**WORK REQUEST:** Without the pictures, repeat all of the data exactly as it appears below.

(Image-caption web data)
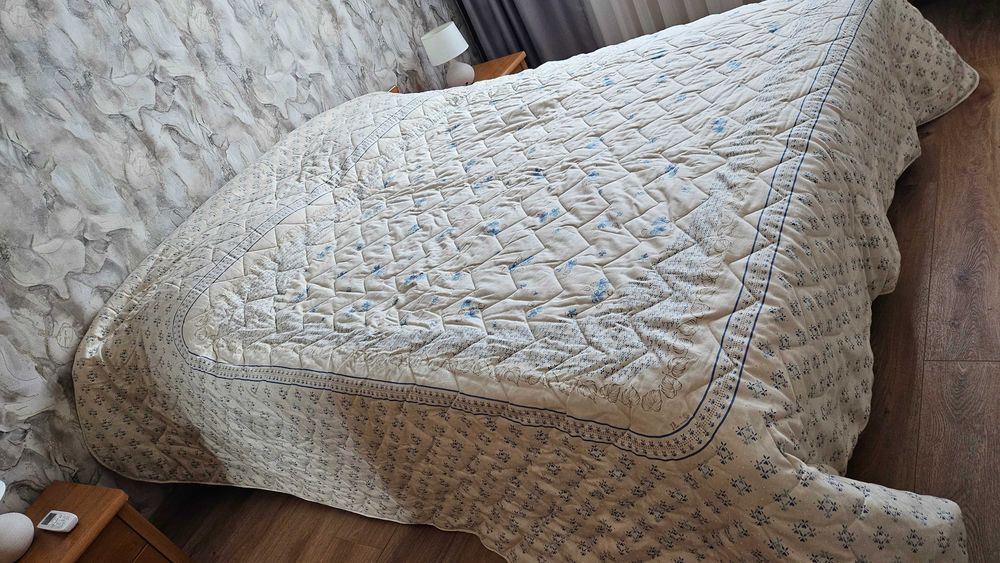 Памучно шалте от Италия 240/250 см.
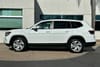 8 thumbnail image of  2022 Volkswagen Atlas 3.6L V6 SE w/Technology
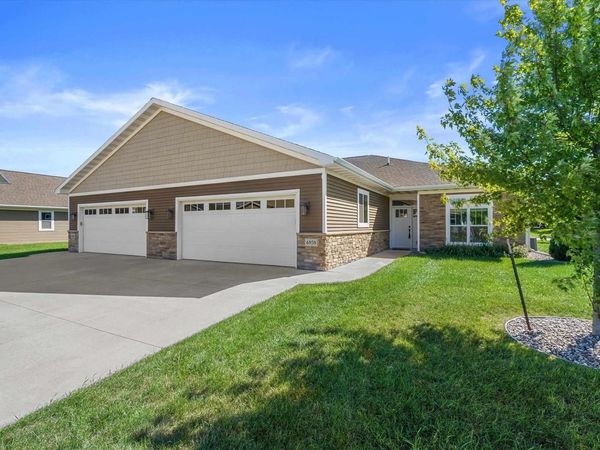 4858 WYLD BERRY WAY, Hobart, WI 54155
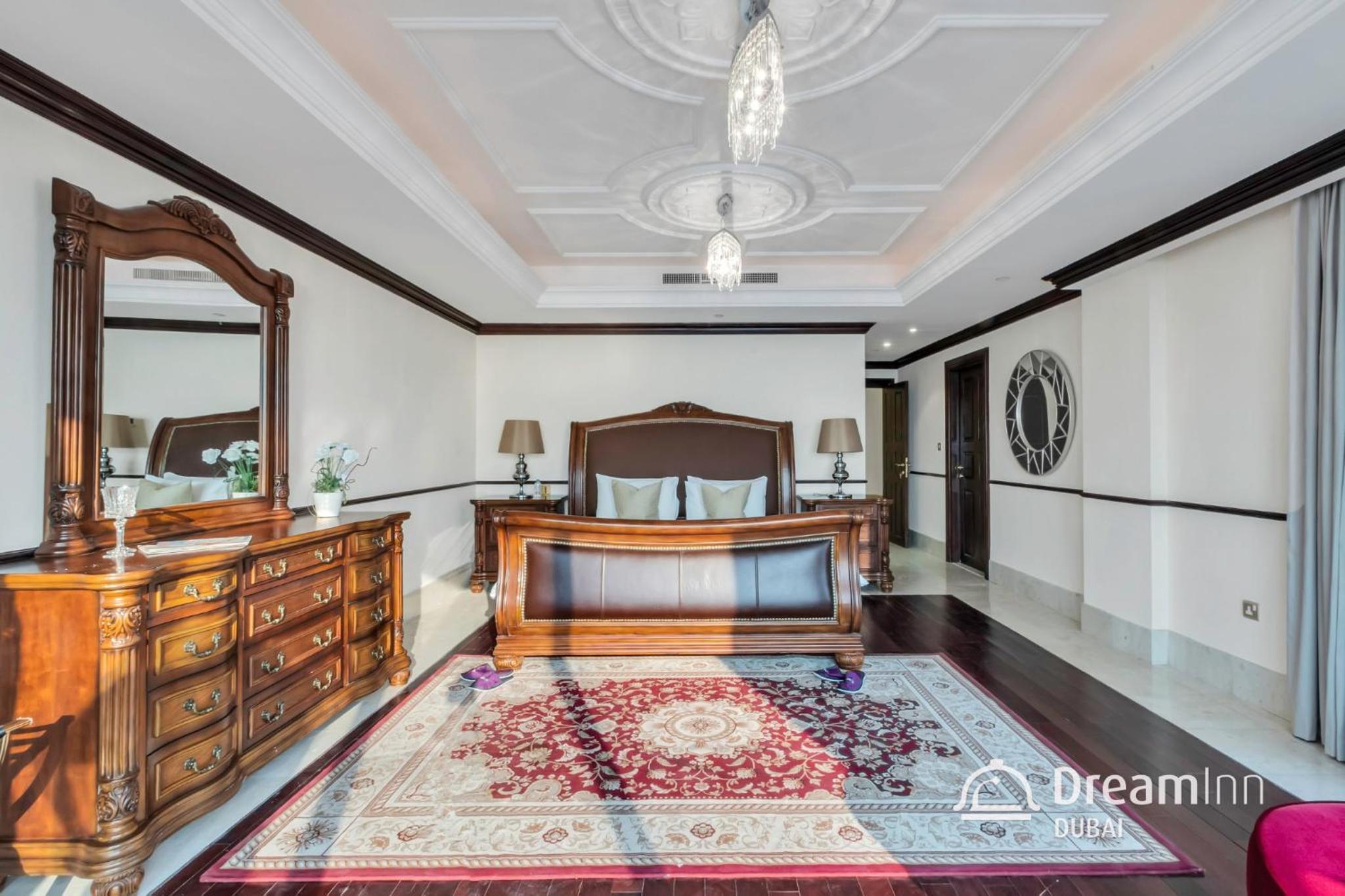 Dream Inn - Timeless Arabic-Inspired Penthouse with Private Pool and Sweeping Ain Dubai Views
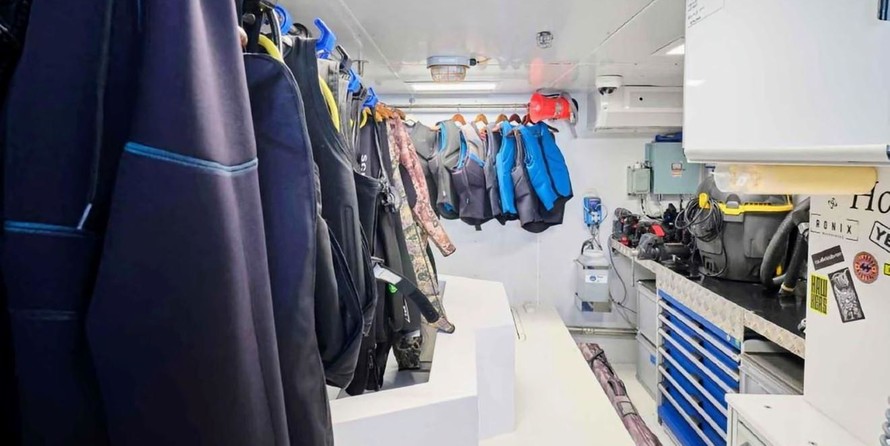 Custom Line NAVETTA 42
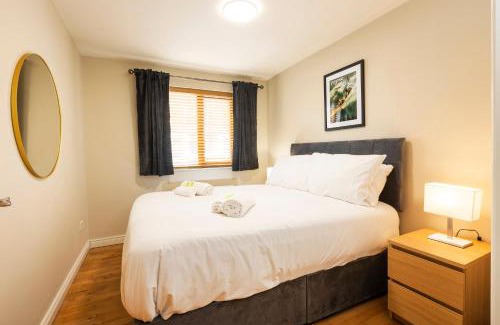 Queens Quarter Apartment | The Vogue- 2bd Hip Ap Ultra Fast WIFI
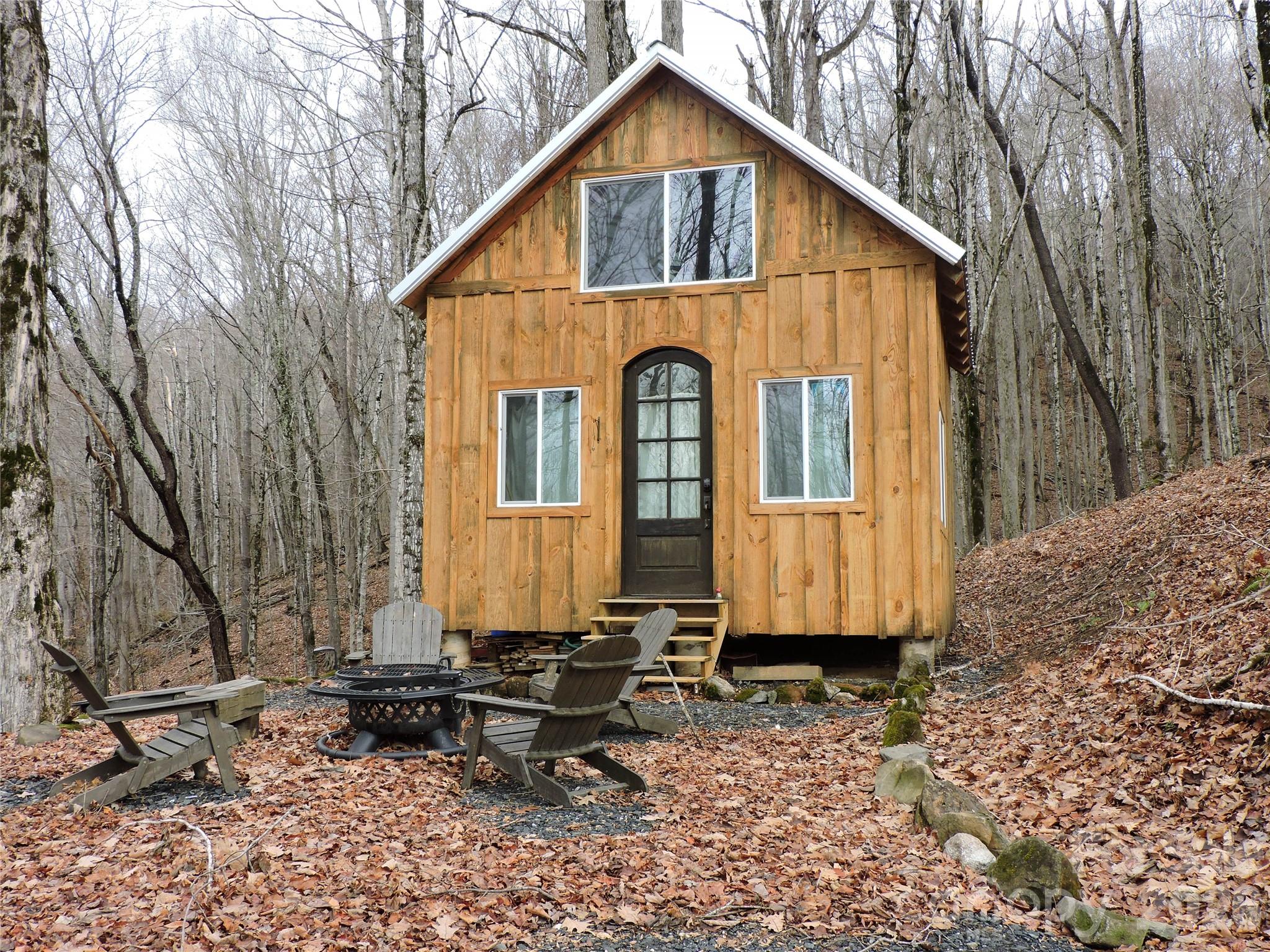 191 Bens Bend Bakersville NC 28705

**COMPLETED TASK:**
 Памучно шалте от Италия 240/250 см.
 8 thumbnail image of  2022 Volkswagen Atlas 3.6L V6 SE w/Technology
 4858 WYLD BERRY WAY, Hobart, WI 54155
 Dream Inn - Timeless Arabic-Inspired Penthouse with Private Pool and Sweeping Ain Dubai Views
 Custom Line NAVETTA 42
 Queens Quarter Apartment | The Vogue- 2bd Hip Ap Ultra Fast WIFI
 191 Bens Bend Bakersville NC 28705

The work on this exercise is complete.